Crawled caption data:
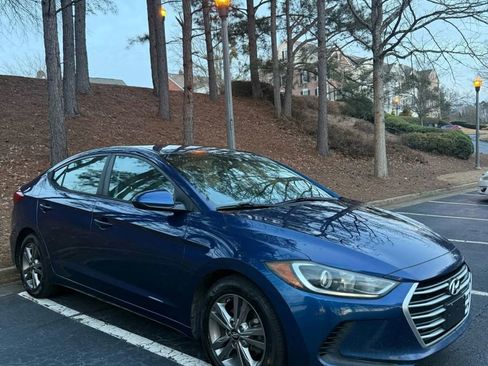 Used 2017 Hyundai Elantra SE image 4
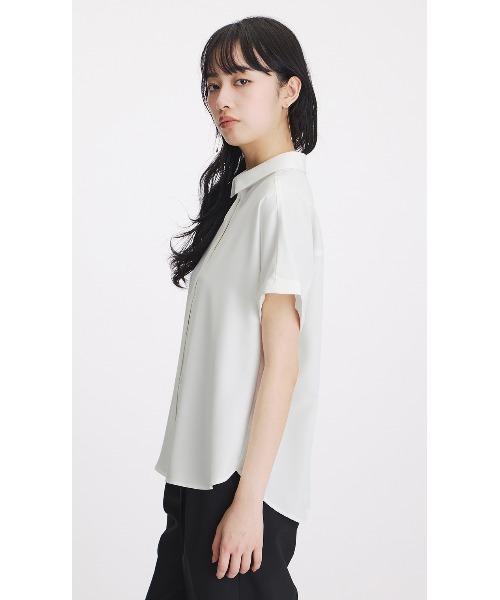 AOYAMA（アオヤマ）の「冷感シャツカラーブラウス【涼】【半袖】（シャツ/ブラウス・レディース・ネイビー/サックスブルー/ブラック/ベージュ/ブラウン/ホワイト・LL/L/M/S）」の7枚目の写真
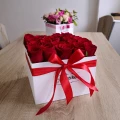 Bílá krabice rudých růží Miluji Tě 2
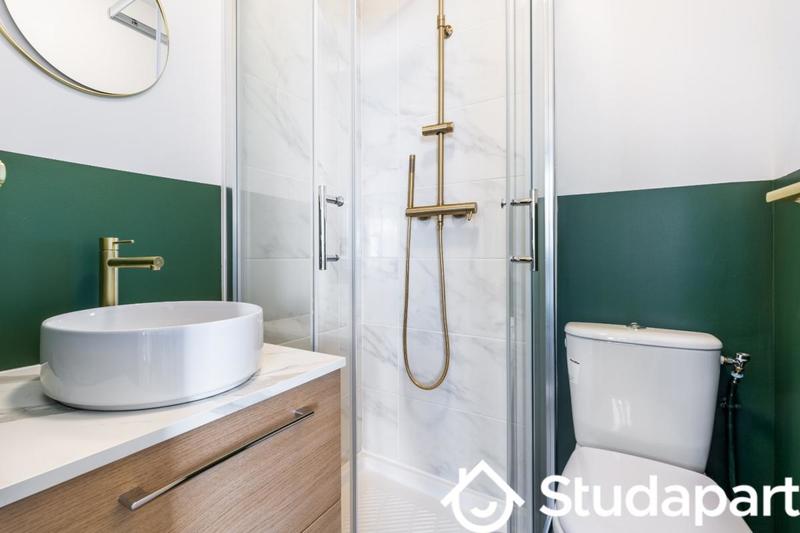 Chambre - 13 m² - 1 pièce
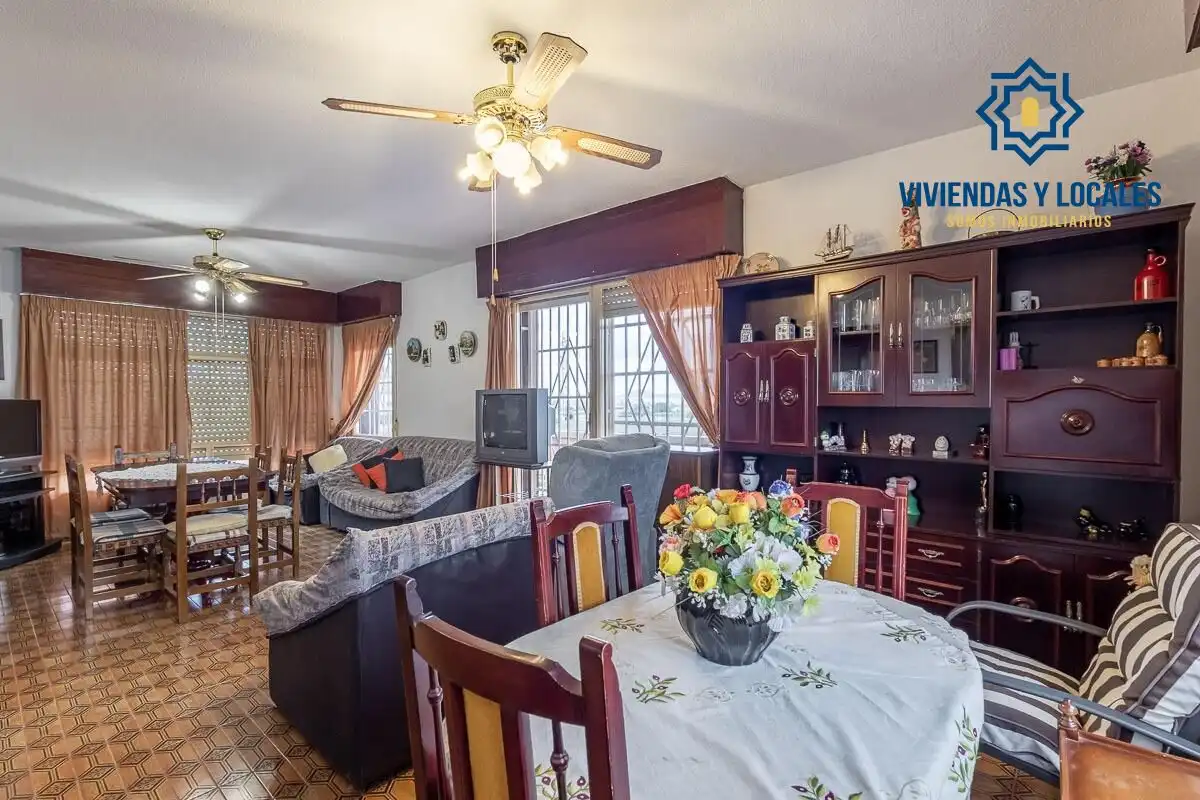Casa con terrazza in vendita a Avenida HUETOR VEGA, imagen 8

Exercise prompt – Transcribe every entry above exactly as it stands, but skip the images.

Exercise response –
 Used 2017 Hyundai Elantra SE image 4
 AOYAMA（アオヤマ）の「冷感シャツカラーブラウス【涼】【半袖】（シャツ/ブラウス・レディース・ネイビー/サックスブルー/ブラック/ベージュ/ブラウン/ホワイト・LL/L/M/S）」の7枚目の写真
 Bílá krabice rudých růží Miluji Tě 2
 Chambre - 13 m² - 1 pièce
Casa con terrazza in vendita a Avenida HUETOR VEGA, imagen 8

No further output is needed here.